What to do: Restate the listing below word for word, omitting any images.

-------- Provided records --------

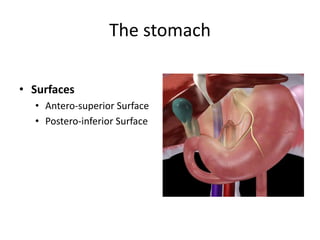 The stomach
• Surfaces
• Antero-superior Surface
• Postero-inferior Surface
 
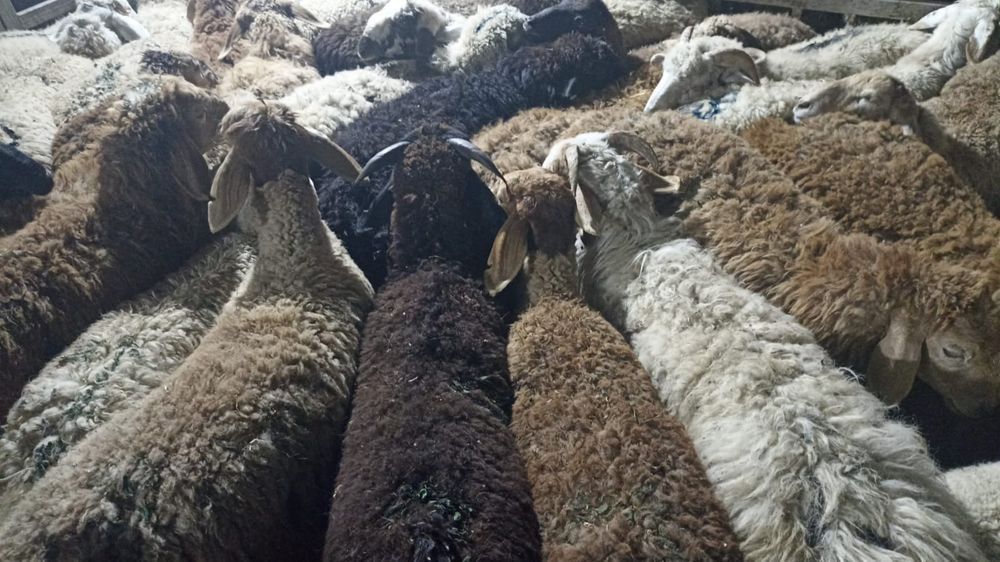 Бараны Кой Баран баран г Алматы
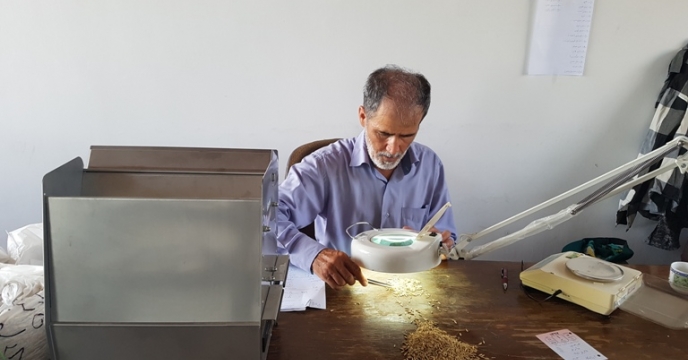 تجزیه بذر برنج در آزمایشگاه شرکت خدمات حمایتی کشاورزی استان گیلان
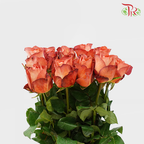 Rose Vintage (8-10 Stems) - Pudu Ria Florist Southern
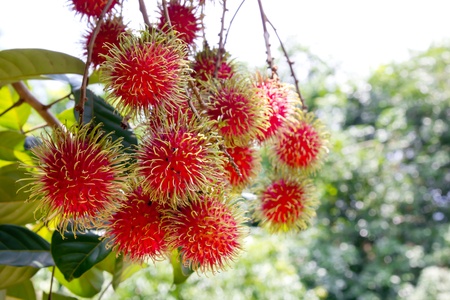 Tropical fruit, Rambutan on treeの写真素材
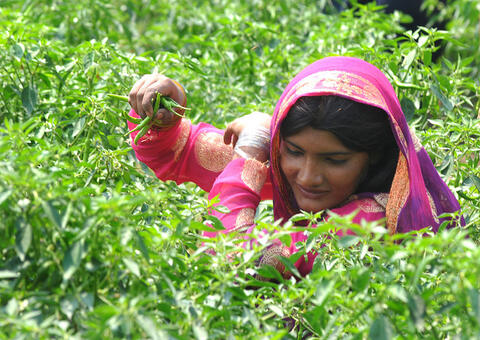 Including Small Holder Farmers in the Value-Chain: Lessons Learnt from IFC Projects Including Small Holder Farmers in the Value-Chain: Lessons Learnt from IFC Projects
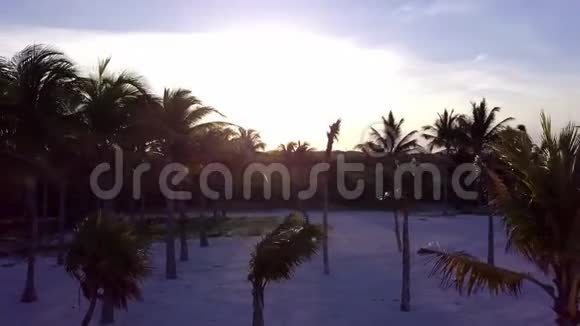 空中无人机射击镜头缓缓飞过椰掌加勒比海沿岸美丽的日落视频的预览图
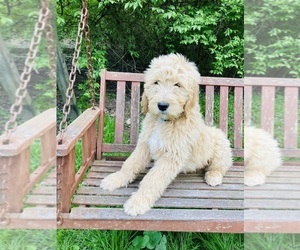 Goldendoodle Puppy for Sale in WEST ALEXANDRIA, Ohio USA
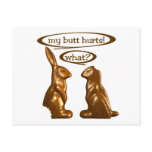Chocolate bunnies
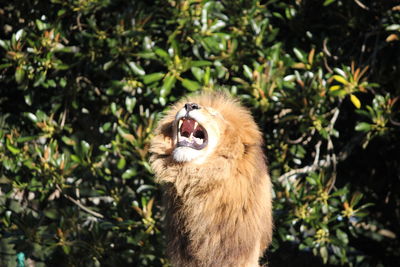 Close-up of a cat yawning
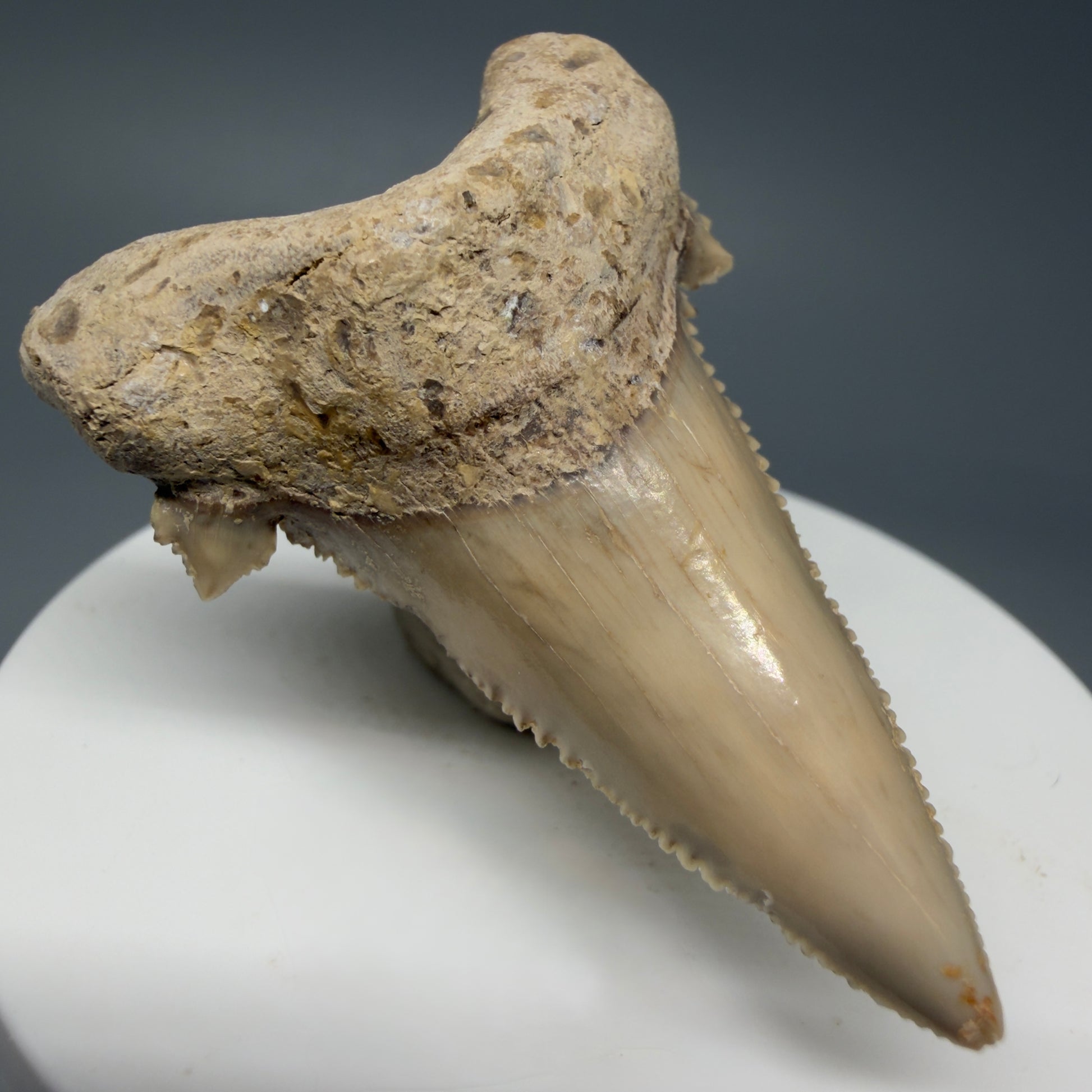 Front Left View Sharply Serrated 2.04" Carcharocles auriculatus Shark Tooth Fossil - Central Kazakhstan AU390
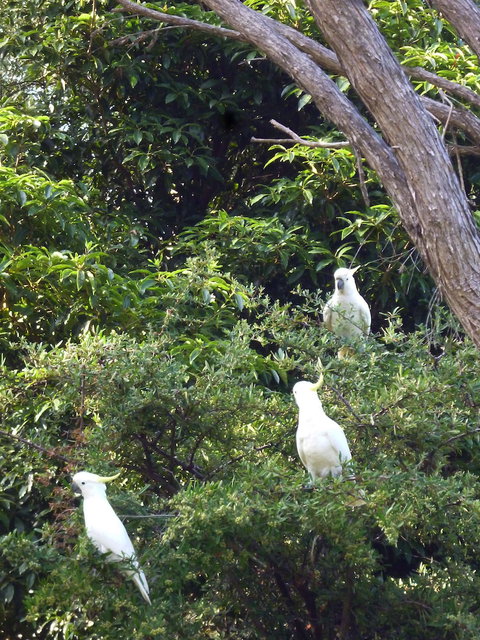 Coachman's Eden - Sydneys Hotel 3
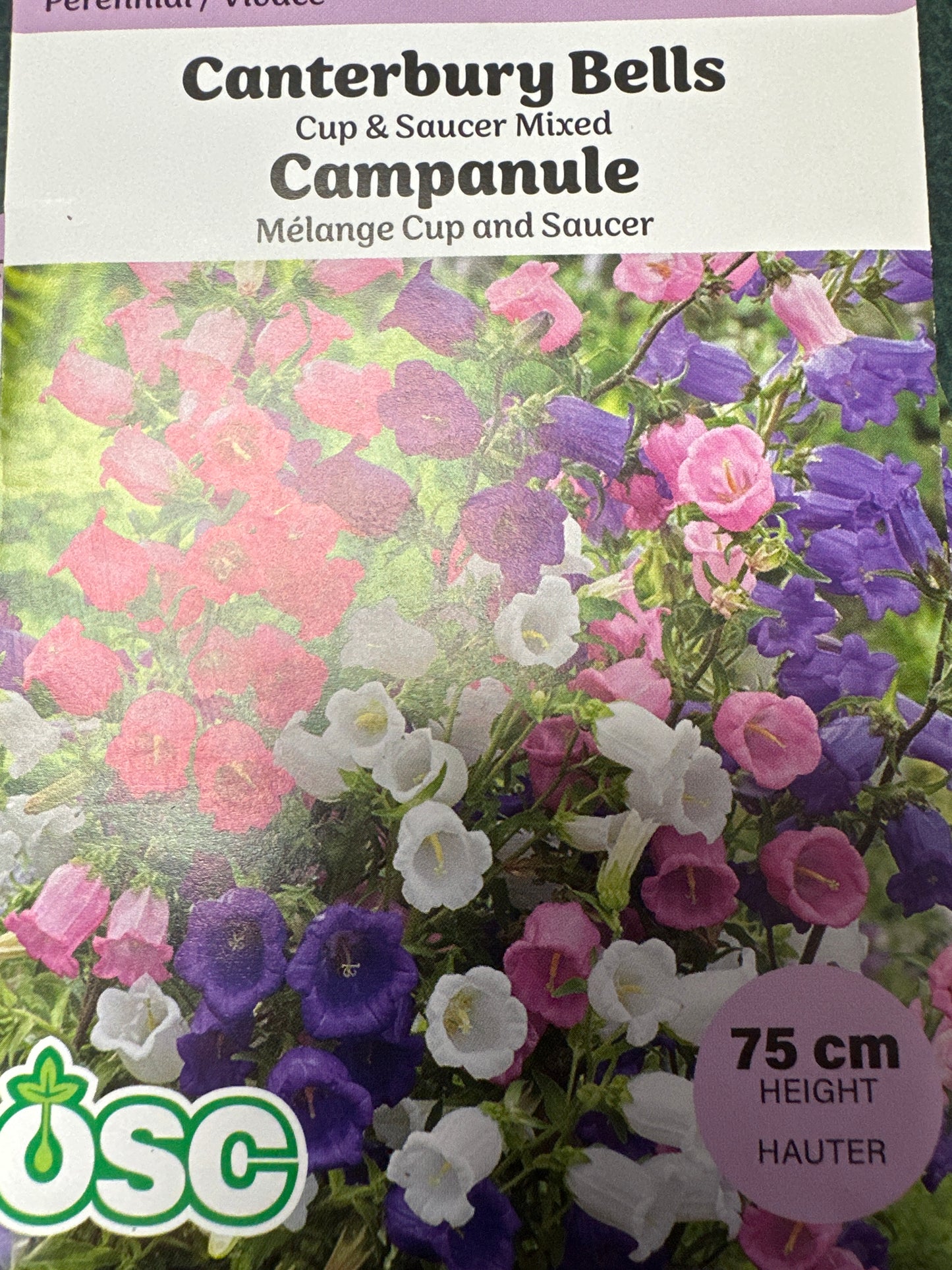 Seed Packets - Biennial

--------

Response for this exercise:
 The stomach
• Surfaces
• Antero-superior Surface
• Postero-inferior Surface
 
 Бараны Кой Баран баран г Алматы
 تجزیه بذر برنج در آزمایشگاه شرکت خدمات حمایتی کشاورزی استان گیلان
 Rose Vintage (8-10 Stems) - Pudu Ria Florist Southern
 Tropical fruit, Rambutan on treeの写真素材
 Including Small Holder Farmers in the Value-Chain: Lessons Learnt from IFC Projects Including Small Holder Farmers in the Value-Chain: Lessons Learnt from IFC Projects
 空中无人机射击镜头缓缓飞过椰掌加勒比海沿岸美丽的日落视频的预览图
 Goldendoodle Puppy for Sale in WEST ALEXANDRIA, Ohio USA
Chocolate bunnies
 Close-up of a cat yawning
 Front Left View Sharply Serrated 2.04" Carcharocles auriculatus Shark Tooth Fossil - Central Kazakhstan AU390
 Coachman's Eden - Sydneys Hotel 3
 Seed Packets - Biennial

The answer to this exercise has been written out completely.